Ce dialogisme repose généralement sur un pluriperspectivisme qui informe parfois la propre structure des pièces. On le voit très bien dans Lope de Aguirre, traidor où l’image contradictoire du conquistador est due aux différents avis énoncés par les personnages en scène, à travers des monologues qui donnent à l’œuvre une composition polyphonique. Ce pluriperspectivisme imprègne même, quelquefois, l’appareil didascalique des textes, comme c’est fréquemment le cas dans Yo tengo un tío en América32.
On peut également considérer que les pièces se valent d’une esthétique dialogique, puisqu’elles reposent sur une hybridité qui autorise, précisément, la coexistence des contraires. On remarquera ainsi l’abondance de personnages ‘métissés’, au sens large du terme, comme Rodrigo qui, dans El retablo de Eldorado, fait preuve d’un syncrétisme religieux et culturel où les univers espagnols et indiens fusionnent. Cette hybridité esthétique peut s’observer, aussi, dans la tonalité des œuvres qui présentent généralement une tension entre comique et tragique, ainsi que sur leurs traits génériques, mouvants et protéiformes. En effet, les pièces combinent souvent plusieurs pratiques artistiques, comme Yo tengo un tío en América qui mêle théâtre, poésie, danse et chant, et croisent allègrement les formes savantes et populaires, comme c’est le cas de El retablo de Eldorado où le tragientremés puise notamment dans la poésie lyrique de Juan de Castellanos (Sanchis Sinisterra 1996 : 277).
Conclusion
En conclusion, cette analyse a montré combien la fiction métahistorique s’avère aussi originale qu’efficace dans la dénonciation de la manipulation de l’histoire par le pouvoir. Sanchis Sinisterra, Mayorga, Boadella, López Mozo et Martínez Mediero s’attaquent à la façon dont les autorités espagnoles ont pu instrumentaliser l’histoire de la guerre civile et du franquisme d’une part, et celle de la Conquête et de la Colonisation de l’Amérique d’autre part, en mettant ces falsifications en scène pour mieux les déconstruire et les dépasser.
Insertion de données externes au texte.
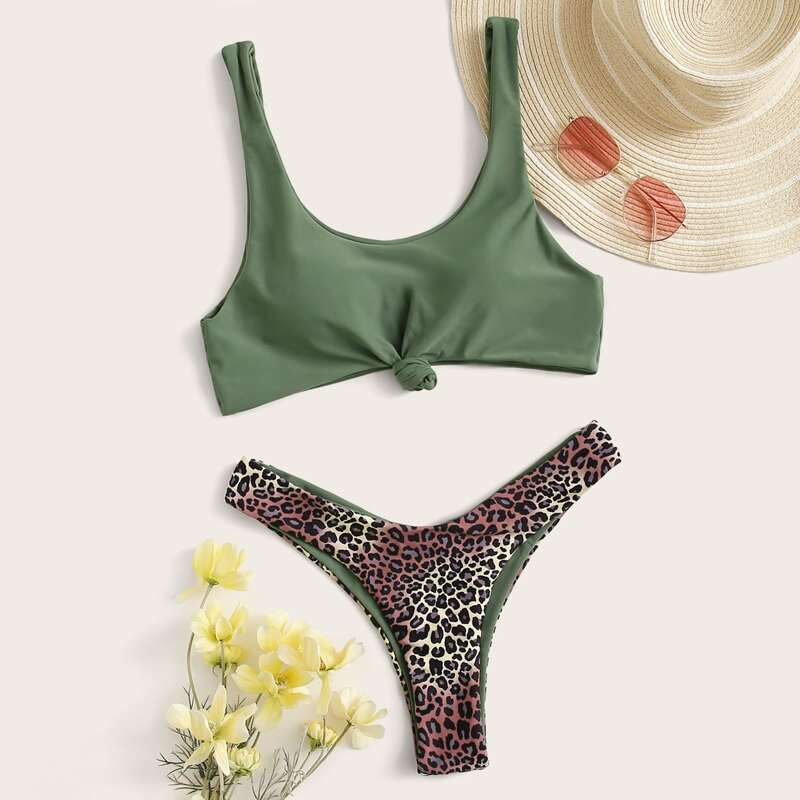 

Leopard Knot Front High Cut Bikini Swimsuit, Multicolor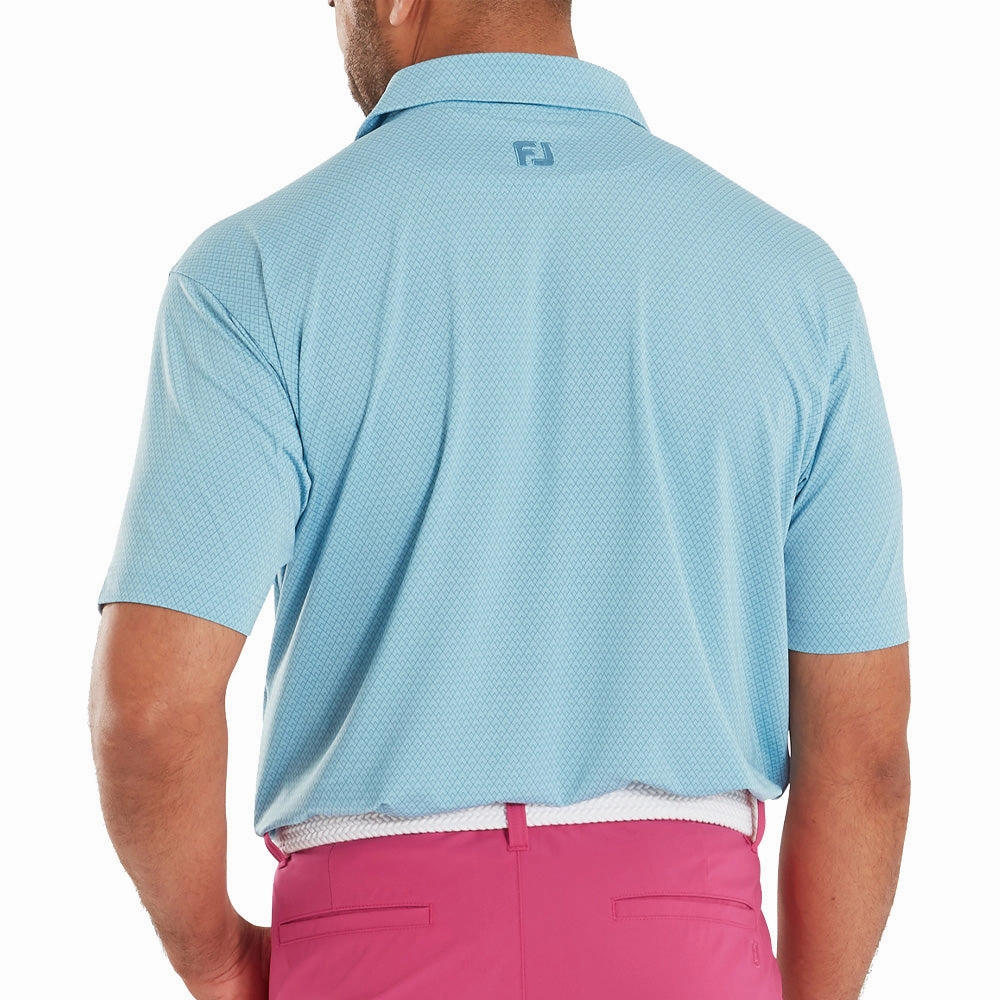 Non Irritating Tags Crew Neck Design FootJoy Deco Diamond Print Lisle Polo Shirt - Air Blue/High Tide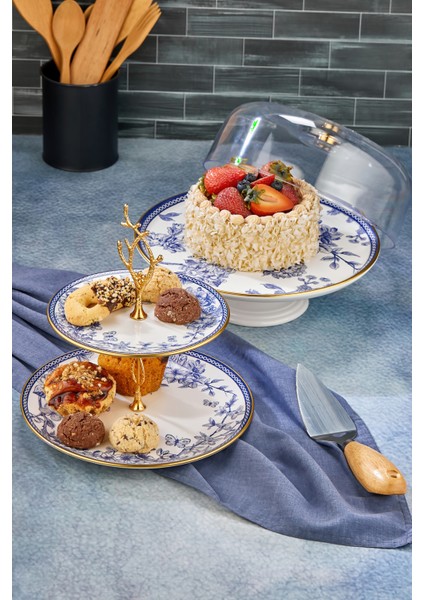 2li Fanuslu Seramik Katlı Kurabiyelik Pasta Sunum Tabağı Seti Spring modelleri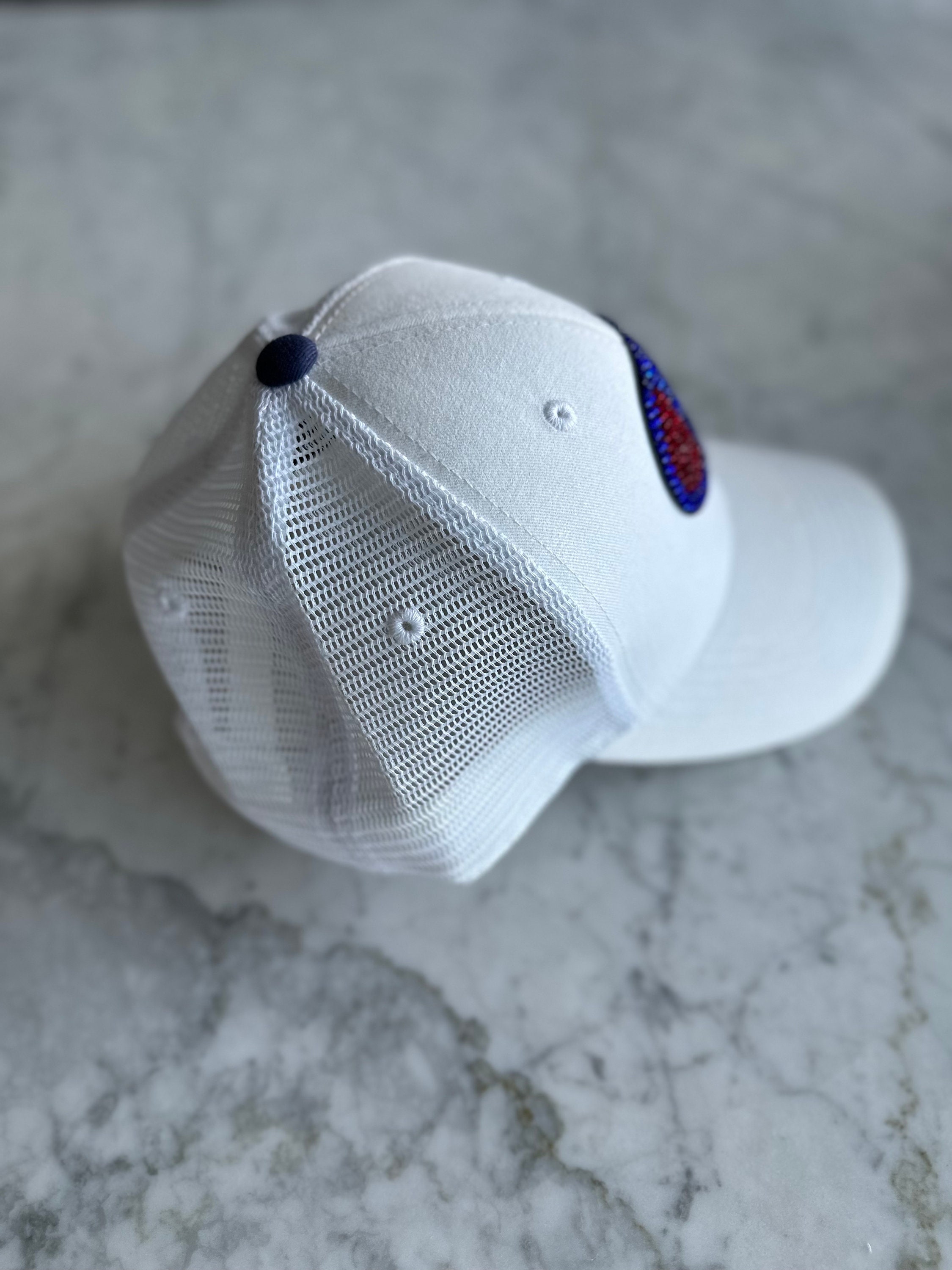 Bedazzled Champion Snapback Hat: Blue & Red Crystal  display picture 1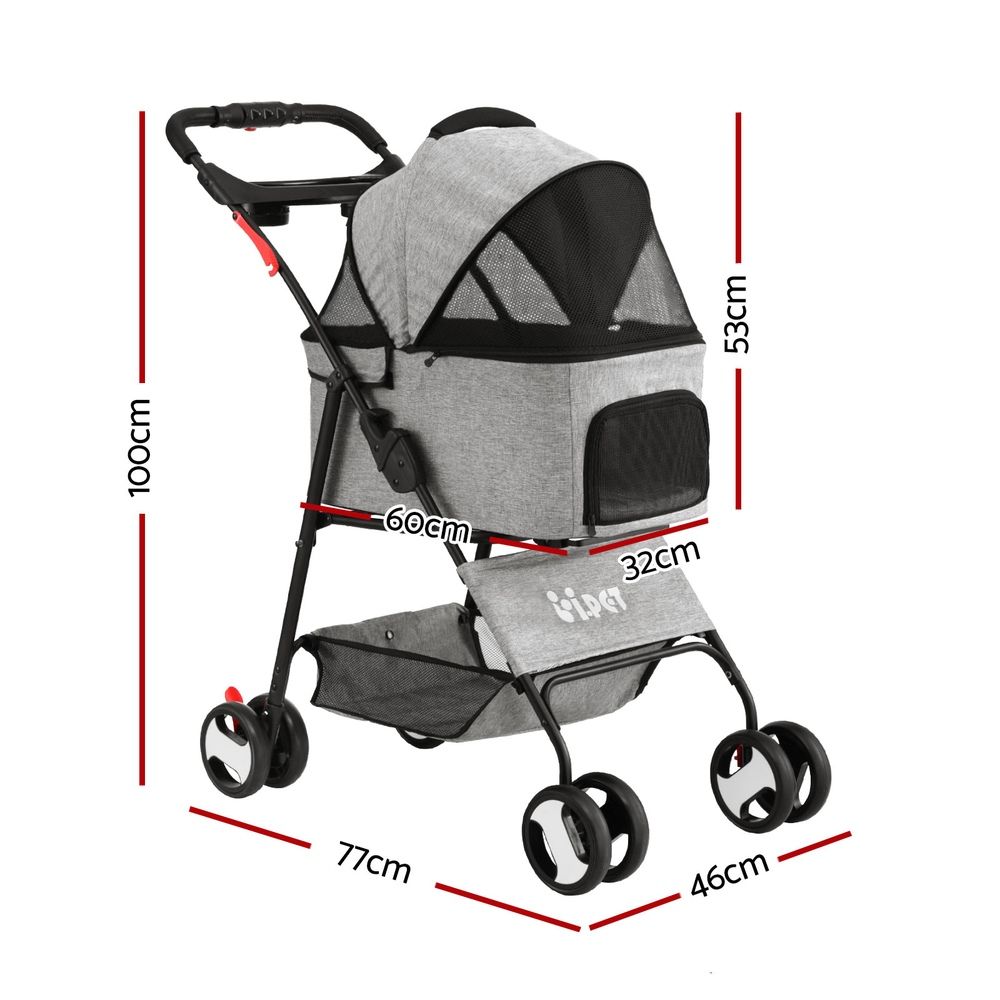 Pet Stroller Dog Carrier Foldable Pram 3 IN 1 Middle Size Grey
Aussi, ils ne se contentent pas d’exhiber les modalités et les enjeux de ces malversations historiques, mais proposent, par ailleurs, un autre discours sur l’histoire qui repose, à la fois, sur une révision du contenu de l’histoire officielle et sur une écriture historique non autoritaire fondée sur la subjectivité, le décentrement et le dialogisme.
Cette forme d’écriture, justement, par les correspondances qu’elle entretient avec le langage de la mémoire comme nous l’avons plusieurs fois souligné, peut nous inviter à penser les potentialités de l’art au regard de la représentation du passé. Ainsi, là où le discours historiographique recherche une rationalité et une objectivité qui peuvent brider les mémoires en souffrance et freiner la résolution des conflits mémoriels, l’art, libre de toute obligation, peut offrir, en revanche, de fabuleux espaces d’expression.